Thread: Allow ordered partition scans in more cases

Allow ordered partition scans in more cases

From
David Rowley
Date:
Over on [1], Benjamin highlighted that we don't do ordered partition
scans in some cases where we could.

Basically, what was added in 959d00e9d only works when at least one
child path has pathkeys that suit the required query pathkeys.  If the
partitions or partitioned table does not have an index matching the
partitioning columns or some subset thereof, then we'll not add an
ordered Append path.

I've attached a patch.  This is what it does:

create table lp (a int) partition by list(a);
create table lp1 partition of lp for values in(1);
create table lp2 partition of lp for values in(2);

explain (costs off) select * from lp order by a;

master;

            QUERY PLAN
----------------------------------
 Sort
   Sort Key: lp.a
   ->  Append
         ->  Seq Scan on lp1 lp_1
         ->  Seq Scan on lp2 lp_2
(5 rows)

patched:

            QUERY PLAN
----------------------------------
 Append
   ->  Sort
         Sort Key: lp_1.a
         ->  Seq Scan on lp1 lp_1
   ->  Sort
         Sort Key: lp_2.a
         ->  Seq Scan on lp2 lp_2
(7 rows)

There's still something in there that I'm not happy with which relates
to the tests I added in inherit.sql. Anyone looking at the new tests
might expect that the following query should work too:

explain (costs off) select * from range_parted order by a,b,c;

but it *appears* not to.  We do build an AppendPath for that, it's
just that the AppendPath added by the following code seems to win over
it:

/*
* If we found unparameterized paths for all children, build an unordered,
* unparameterized Append path for the rel.  (Note: this is correct even
* if we have zero or one live subpath due to constraint exclusion.)
*/
if (subpaths_valid)
add_path(rel, (Path *) create_append_path(root, rel, subpaths, NIL,
  NIL, NULL, 0, false,
  -1));

I still need to look to see if there's some small amount of data that
can be loaded into the table to help coax the planner into producing
the ordered scan for this one.  It works fine as-is for ORDER BY a,b
and ORDER BY a; so I've put tests in for that.

David

[1] https://postgr.es/m/CABTcpyuXXY1625-Mns=mPFCVSf4aouGiRVyLPiGQQ0doT0PiLQ@mail.gmail.com

Attachment

Re: Allow ordered partition scans in more cases

From
Ronan Dunklau
Date:
Thank you for improving this optimization !

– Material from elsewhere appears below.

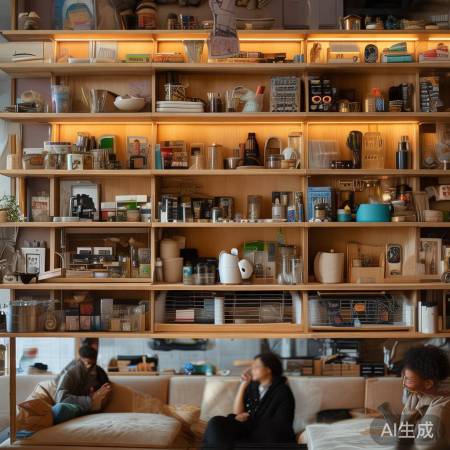 消毒柜置物架，生活更有序温馨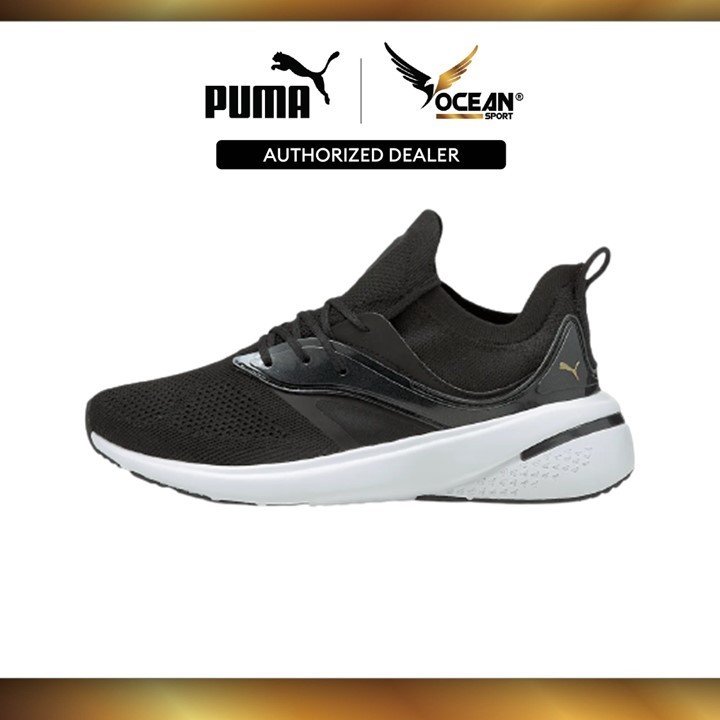 Puma Women Forever XT Wn s Puma Black-Puma White Training Shoe 19518401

Le mardi 21 février 2023, 04:14:02 CET David Rowley a écrit :
> I still need to look to see if there's some small amount of data that
> can be loaded into the table to help coax the planner into producing
> the ordered scan for this one.  It works fine as-is for ORDER BY a,b
> and ORDER BY a; so I've put tests in for that.

I haven't looked too deeply into it, but it seems reasonable that the whole
sort would cost cheaper than individual sorts on partitions + incremental
sorts, except when the the whole sort would spill to disk much more than the
incremental ones. I find it quite difficult to reason about what that threshold
should be, but I managed to find a case which could fit in a test:

create table range_parted (a int, b int, c int) partition by range(a, b);
create table range_parted1 partition of range_parted for values from (0,0) to
(10,10);
create table range_parted2 partition of range_parted for values from (10,10)
to (20,20);
insert into range_parted(a, b, c) select i, j, k from generate_series(1, 19)
i, generate_series(1, 19) j, generate_series(1, 5) k;
analyze range_parted;
set random_page_cost = 10;
set work_mem = '64kB';
explain (costs off) select * from range_parted order by a,b,c;

It's quite convoluted, because it needs the following:
 - estimate the individual partition sorts to fit into work_mem (even if that's
not the case here at runtime)
 - estimate the whole table sort to not fit into work_mem
 - the difference between the two should be big enough to compensate the
incremental sort penalty (hence raising random_page_cost).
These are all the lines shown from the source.